Health

It is not enough to breed attractive looking animals; if they are not healthy specimens then the breeder should not be happy. Pursuant to this, we enclose some information about the particular problems facing Staffordshire Bull Terriers, and what to do about them.

There is alot to scroll through, so to make it easier we have included short-cuts!

L2-HGA

HC

PHPV

PPSC

The author of this site has also written an easy-to-digest article on the subject of genetic testing, using L2-HGA as the example material. To view this, click here.


 

L-2-HGA – Information taken from AHT Website on 16/07/05 @ 06:52.

 

L-2-HGA (L-2-hydroxyglutaric aciduria) in Staffordshire Bull Terriers is a neurometabolic disorder characterised by elevated levels of L-2-hydroxyglutaric acid in urine, plasma and cerebrospinal fluid.

L-2-HGA affects the central nervous system, with clinical signs usually apparent between 6 months and one year (although they can appear later). Symptoms include epileptic seizures, "wobbly" gait, tremors, muscle stiffness as a result of exercise or excitement and altered behaviour.

The mutation, or change to the structure of the gene, probably occurred spontaneously in a single dog but once in the population has been inherited from generation to generation like any other gene. The disorder shows an autosomal recessive mode of inheritance: two copies of the defective gene (one inherited from each parent) have to be present for a dog to be affected by the disease. Individuals with one copy of the defective gene and one copy of the normal gene - called carriers - show no symptoms but can pass the defective gene onto their offspring. When two apparently healthy carriers are crossed, 25% (on average) of the offspring will be affected by the disease, 25% will be clear and the remaining 50% will themselves be carriers.

The mutation responsible for the disease has recently been identified at the Animal Health Trust. Using the information from this research, we have developed a DNA test for the disease. This test not only diagnoses dogs affected with this disease but can also detect those dogs which are carriers, displaying no symptoms of the disease but able to produce affected pups. Carriers could not be detected by the tests previously available which involved either a blood or urine test detecting elevated levels of L-2-hydroxyglutarate or magnetic resonance imaging. Under most circumstances, there will be a much greater number of carriers than affected animals in a population. It is important to eliminate such carriers from a breeding population since they represent a hidden reservoir of the disease that can produce affected dogs at any time.

The test is available now and information on submitting samples is given below.
Breeders will be sent results identifying their dog as belonging to one of three categories:


CLEAR: the dog has 2 copies of the normal gene and will neither develop L-2-HGA, nor pass a copy of the L-2-HGA gene to any of its offspring.


CARRIER: the dog has one copy of the normal gene and one copy of the mutant gene that causes L-2-HGA. It will not develop L-2-HGA but will pass on the L-2-HGA gene to 50% (on average) of its offspring.

AFFECTED: the dog has two copies of the L-2-HGA mutation and is affected with L-2-HGA. It will develop L-2-HGA at some stage during its lifetime, assuming it lives to an appropriate age.
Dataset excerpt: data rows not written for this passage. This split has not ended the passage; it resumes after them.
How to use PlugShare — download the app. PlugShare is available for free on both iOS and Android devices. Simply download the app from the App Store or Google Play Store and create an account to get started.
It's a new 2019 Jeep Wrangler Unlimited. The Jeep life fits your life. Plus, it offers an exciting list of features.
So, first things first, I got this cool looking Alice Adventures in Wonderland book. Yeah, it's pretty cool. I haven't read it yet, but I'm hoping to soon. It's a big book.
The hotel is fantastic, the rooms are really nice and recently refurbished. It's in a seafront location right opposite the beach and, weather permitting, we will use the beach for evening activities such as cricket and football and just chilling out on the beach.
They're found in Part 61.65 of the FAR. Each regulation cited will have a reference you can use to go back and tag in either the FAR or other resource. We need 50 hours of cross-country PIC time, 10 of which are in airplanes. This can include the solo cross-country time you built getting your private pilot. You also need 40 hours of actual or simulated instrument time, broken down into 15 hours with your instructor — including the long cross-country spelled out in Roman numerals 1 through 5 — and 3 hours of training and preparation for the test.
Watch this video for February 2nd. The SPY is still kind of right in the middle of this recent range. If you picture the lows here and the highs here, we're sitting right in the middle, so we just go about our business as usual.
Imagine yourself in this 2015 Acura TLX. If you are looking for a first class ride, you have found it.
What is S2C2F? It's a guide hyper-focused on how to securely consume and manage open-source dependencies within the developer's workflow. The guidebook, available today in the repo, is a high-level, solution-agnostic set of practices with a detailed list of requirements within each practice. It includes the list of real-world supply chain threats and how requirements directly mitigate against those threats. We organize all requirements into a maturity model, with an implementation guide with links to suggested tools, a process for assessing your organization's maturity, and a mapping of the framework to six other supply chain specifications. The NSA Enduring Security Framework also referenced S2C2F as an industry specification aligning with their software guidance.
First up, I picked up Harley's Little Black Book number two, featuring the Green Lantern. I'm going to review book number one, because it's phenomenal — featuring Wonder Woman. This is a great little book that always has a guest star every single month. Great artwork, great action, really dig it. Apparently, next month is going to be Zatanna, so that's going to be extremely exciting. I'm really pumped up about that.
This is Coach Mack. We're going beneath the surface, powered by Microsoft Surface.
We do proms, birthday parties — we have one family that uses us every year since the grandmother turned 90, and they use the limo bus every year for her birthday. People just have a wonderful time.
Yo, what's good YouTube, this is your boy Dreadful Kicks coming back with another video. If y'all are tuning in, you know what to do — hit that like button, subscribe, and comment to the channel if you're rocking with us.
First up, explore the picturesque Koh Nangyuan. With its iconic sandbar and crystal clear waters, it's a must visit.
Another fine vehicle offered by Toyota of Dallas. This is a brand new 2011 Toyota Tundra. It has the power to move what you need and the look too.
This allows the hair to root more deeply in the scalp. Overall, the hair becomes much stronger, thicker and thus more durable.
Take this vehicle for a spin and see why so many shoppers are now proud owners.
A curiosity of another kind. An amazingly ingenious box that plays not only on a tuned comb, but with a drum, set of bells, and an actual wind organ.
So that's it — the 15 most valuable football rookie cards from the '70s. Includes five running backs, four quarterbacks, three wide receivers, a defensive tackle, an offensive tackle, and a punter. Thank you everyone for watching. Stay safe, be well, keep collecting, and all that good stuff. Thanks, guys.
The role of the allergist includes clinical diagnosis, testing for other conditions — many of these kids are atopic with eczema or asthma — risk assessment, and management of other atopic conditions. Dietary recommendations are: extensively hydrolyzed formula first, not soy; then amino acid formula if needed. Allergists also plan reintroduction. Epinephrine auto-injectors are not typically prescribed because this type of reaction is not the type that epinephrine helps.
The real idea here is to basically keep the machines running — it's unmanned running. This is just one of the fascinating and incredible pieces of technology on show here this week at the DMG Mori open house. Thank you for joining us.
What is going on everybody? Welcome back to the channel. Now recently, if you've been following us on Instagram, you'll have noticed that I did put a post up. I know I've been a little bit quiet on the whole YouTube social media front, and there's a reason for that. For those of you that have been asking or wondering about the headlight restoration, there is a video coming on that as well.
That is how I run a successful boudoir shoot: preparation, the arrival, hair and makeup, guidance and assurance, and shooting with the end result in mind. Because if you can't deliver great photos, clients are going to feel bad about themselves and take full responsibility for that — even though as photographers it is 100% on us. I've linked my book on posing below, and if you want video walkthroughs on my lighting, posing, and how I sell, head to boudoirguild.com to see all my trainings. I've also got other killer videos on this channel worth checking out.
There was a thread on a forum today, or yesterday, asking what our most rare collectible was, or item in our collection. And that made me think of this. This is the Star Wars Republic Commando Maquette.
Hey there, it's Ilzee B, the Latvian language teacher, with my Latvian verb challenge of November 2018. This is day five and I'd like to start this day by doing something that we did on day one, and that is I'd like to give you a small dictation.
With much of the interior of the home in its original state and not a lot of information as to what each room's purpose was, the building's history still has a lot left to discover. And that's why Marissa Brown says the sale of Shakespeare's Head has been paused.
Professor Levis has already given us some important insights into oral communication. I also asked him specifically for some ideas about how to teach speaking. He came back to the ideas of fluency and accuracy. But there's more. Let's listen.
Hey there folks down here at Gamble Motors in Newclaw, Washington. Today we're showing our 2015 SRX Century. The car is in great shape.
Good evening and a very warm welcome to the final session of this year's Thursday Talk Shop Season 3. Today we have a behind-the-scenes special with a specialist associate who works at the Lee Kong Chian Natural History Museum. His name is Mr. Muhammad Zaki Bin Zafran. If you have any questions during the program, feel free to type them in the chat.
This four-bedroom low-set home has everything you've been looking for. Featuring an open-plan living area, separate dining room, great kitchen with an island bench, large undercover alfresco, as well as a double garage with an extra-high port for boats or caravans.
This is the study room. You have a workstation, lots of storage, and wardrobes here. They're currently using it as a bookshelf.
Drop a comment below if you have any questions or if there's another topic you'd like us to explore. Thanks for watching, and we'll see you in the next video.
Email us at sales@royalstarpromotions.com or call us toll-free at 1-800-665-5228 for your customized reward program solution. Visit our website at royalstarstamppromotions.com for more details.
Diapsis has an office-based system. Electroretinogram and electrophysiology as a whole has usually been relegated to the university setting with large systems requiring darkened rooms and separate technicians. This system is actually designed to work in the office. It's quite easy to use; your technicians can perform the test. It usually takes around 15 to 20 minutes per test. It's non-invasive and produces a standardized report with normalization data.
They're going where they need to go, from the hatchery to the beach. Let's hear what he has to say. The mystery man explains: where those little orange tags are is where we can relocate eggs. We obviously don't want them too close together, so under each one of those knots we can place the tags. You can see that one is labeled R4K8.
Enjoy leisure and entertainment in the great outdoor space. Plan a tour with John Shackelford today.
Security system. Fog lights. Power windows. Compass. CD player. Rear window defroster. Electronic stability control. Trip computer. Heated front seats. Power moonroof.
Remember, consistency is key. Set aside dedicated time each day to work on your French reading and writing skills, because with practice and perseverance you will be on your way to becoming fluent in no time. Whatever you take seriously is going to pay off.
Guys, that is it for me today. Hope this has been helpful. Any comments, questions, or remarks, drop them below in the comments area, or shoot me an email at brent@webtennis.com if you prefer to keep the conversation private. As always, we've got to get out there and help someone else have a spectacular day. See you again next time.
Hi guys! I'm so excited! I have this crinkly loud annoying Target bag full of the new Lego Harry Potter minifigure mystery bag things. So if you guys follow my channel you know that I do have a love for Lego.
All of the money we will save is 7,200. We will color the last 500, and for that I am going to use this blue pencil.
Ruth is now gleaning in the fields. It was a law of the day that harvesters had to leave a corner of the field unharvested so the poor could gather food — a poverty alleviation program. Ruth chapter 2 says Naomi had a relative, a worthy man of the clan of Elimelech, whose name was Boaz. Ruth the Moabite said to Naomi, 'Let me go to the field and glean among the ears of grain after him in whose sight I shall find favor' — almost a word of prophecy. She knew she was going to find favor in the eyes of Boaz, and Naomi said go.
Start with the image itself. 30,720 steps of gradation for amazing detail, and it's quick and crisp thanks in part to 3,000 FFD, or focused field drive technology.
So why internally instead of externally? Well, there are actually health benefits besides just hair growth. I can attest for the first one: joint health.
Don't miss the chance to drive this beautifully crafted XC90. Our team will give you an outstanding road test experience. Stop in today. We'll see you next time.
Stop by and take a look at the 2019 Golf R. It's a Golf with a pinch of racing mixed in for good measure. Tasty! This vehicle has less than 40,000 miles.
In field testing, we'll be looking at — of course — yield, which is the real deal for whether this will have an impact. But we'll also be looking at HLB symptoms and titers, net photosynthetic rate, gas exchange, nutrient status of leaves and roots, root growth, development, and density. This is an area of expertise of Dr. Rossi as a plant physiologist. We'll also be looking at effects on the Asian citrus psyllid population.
Carriers can still be bred to clear dogs. On average, 50% of such a litter will be clear and 50% carriers; there can be no affecteds produced from such a mating. Pups which will be used for breeding can themselves be DNA tested to determine whether they are clear or carrier.

Samples for testing (3mls blood in an EDTA tube), should be sent together with a completed DNA Testing form and a cheque for £60-00 (inc VAT) for each sample to Genetic Services, Animal Health Trust, Lanwades Park, Kentford, Newmarket, Suffolk CB8 7UU. DNA testing forms can be downloaded from our web site ( http://www.aht.org.uk ). DNA testing forms can also be obtained by contacting Vikki Lett 01638 750659 ext 1223 or via e-mail to vikki.lett@aht.org.uk.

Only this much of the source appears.